Tindakan individu mengenai bagaimana tampilan dirinya yang ingin orang lain ketahui memang akan ditampilkan se-ideal mungkin. Perilakunya dalam interaksi sosial akan selalu melakukan permainan informasi agar orang lain mempunyai kesan yang lebih baik. Ketika individu tersebut menginginkan identitas lain yang ingin ditonjolkan dari identitas yang sebenarnya, di sinilah terdapat pemeranan karakter seorang

(35)

individu dalam memunculkan simbol-simbol relevan yang diyakini dapat memperkuat identitas pantulan yang ingin ia ciptakan dari identitas yang sesungguhnya (lebih jauh perkembangan ini melahirkan studi dramaturgi).

Pada perkembangannya, selain dari aspek kognitif, interaksi simbolik juga mendapatkan kritik berkaitan dengan pengklarifikasian dari konteks di mana proses komunikasi itu berlangsung. Penggunaan interaksi simbolik yang hanya dalam suatu presentasi diri dan dalam konteks tatap muka, seolah-olah menganggap keberhasilan suatu makna ditentukan oleh pengelolaan simbol yang sudah terencana. Jadi makna tersebut dapat diciptakan dan disampaikan oleh individu pengirim pesan saat proses interaksi berlangsung.

Erving Goffman, salah seorang yang mencoba memperjelas dari pengklarifikasian dari proses interaksi simbolik. Pandangan Blumer bahwa individu-lah yang secara aktif mengontrol tindakan dan perilakunya, bukan lingkungan, dirasa kurang tajam pada masanya. Interaksi simbolik hanya sebatas pada “individu memberi makna”, Goffman memperluas pemahamannya bahwa ketika individu menciptakan simbol, disadari atau tidak, individu tersebut bukan lagi dirinya. Menurut Goffman, ketika simbol-simbol tertentu sebelum dipergunakan oleh individu sebagai sebuah tindakan yang disadari (dalam perencanaan), diyakini oleh pemikir pada masanya (setelah era Mead, era Goffman yang juga masih dari murid Mead), namun memiliki pandangan yang berbeda dari Mead. Lain halnya dengan Blumer yang justru melanjutkan teori interaksi simbolik Mead

(36)

dalam perspektif psikologi sosial, berarti ia juga telah menjadikan dirinya sebagai “orang lain”, karena ketika individu tersebut mencoba simbol-simbol yang tepat untuk mendukung identitas yang akan ditonjolkannya, ada simbol-simbol lain yang disembunyikan atau “dibuang”. Ketika individu tersebut telah memanipulasi cerminan dirinya menjadi orang lain, berarti ia telah memainkan suatu pola teateris, peng-aktor-an yang berarti dia merasa bahwa ada suatu panggung di mana ia harus mementaskan suatu tuntutan peran yang sebagaimana mestinya telah ditentukan dalam skenario, bukan lagi pada tuntutan interaksi dirinya, simbol-simbol yang diyakini dirinya mampu memberikan makna, akan terbentur pada makna audiens. Artinya bukan dirinya lagi yang memaknai identitasnya, tetapi bergantung pada orang lain. Pengelolaan simbol-simbol pada dirinya sebagai bagian dari tuntutan lingkungan (skenario).

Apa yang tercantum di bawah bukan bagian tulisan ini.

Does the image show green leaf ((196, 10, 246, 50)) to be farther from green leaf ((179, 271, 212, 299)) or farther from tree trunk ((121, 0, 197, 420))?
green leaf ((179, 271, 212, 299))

Maka berangkat dari sinilah yang memicu Erving Goffman untuk mengoreksi dan mengembangkan Teori Interaksionisme Simbolik secara lebih jauh dengan mengklarifikasikan konteks dari berlangsungnya interaksi tersebut. Bertindak dalam cara yang berbeda dan dalam pengaturan yang berbeda, yaitu secara teateris.

Melalui pandangannya terhadap interaksi sosial, dijelaskan bahwa pertukaran makna di antara individu-individu tersebut disebabkan pada tuntutan pada apa yang orang harapkan dari kita untuk kita lakukan. Lalu, ketika dihadapkan pada tuntutan itu, maka orang melakukan pertunjukan (performance) di hadapan khalayak, bukan lagi individu lain. Memainkan

(37)

simbol dari peran tertentu di suatu panggung pementasan. (Goffman Erving dalam Imelda Maria, 2010 : 44-50).

2.3.2 Kajian Dramaturgis

Tahun 1945:Tahun dimana, Kenneth Duva Burke(May 5, 1897 – November 19, 1993) seorang teoritis literatur Amerika dan filosof memperkenalkan konsep dramatisme sebagai metode untuk memahami fungsi sosial dari bahasa dan drama sebagai pentas simbolik kata dan kehidupan sosial.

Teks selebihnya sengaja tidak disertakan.